=== Section Start ===

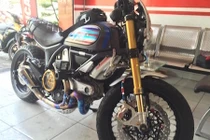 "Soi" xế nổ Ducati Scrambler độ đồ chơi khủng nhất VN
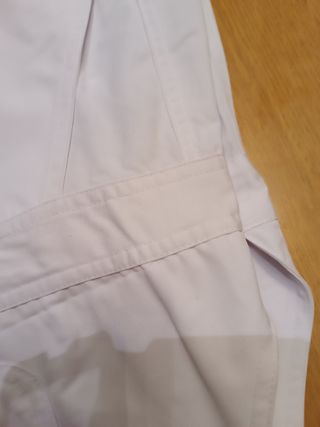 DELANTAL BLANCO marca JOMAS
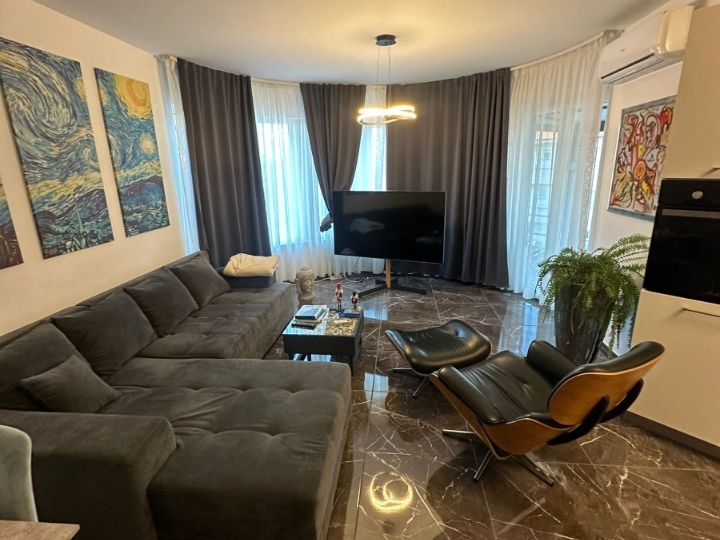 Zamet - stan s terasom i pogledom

=== Section End ===
=== Section Start ===

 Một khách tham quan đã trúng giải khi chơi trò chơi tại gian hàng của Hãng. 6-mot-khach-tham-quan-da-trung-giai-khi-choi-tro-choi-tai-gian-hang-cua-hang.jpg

=== Section End ===

### Task directions
The material above holds pictures; leave them out. Repeat exactly the lines from the one containing "khủng nhất VN" through the one containing "Zamet - stan s terasom i pogledom", and nothing else.

### Problem solution
 "Soi" xế nổ Ducati Scrambler độ đồ chơi khủng nhất VN
 DELANTAL BLANCO marca JOMAS
 Zamet - stan s terasom i pogledom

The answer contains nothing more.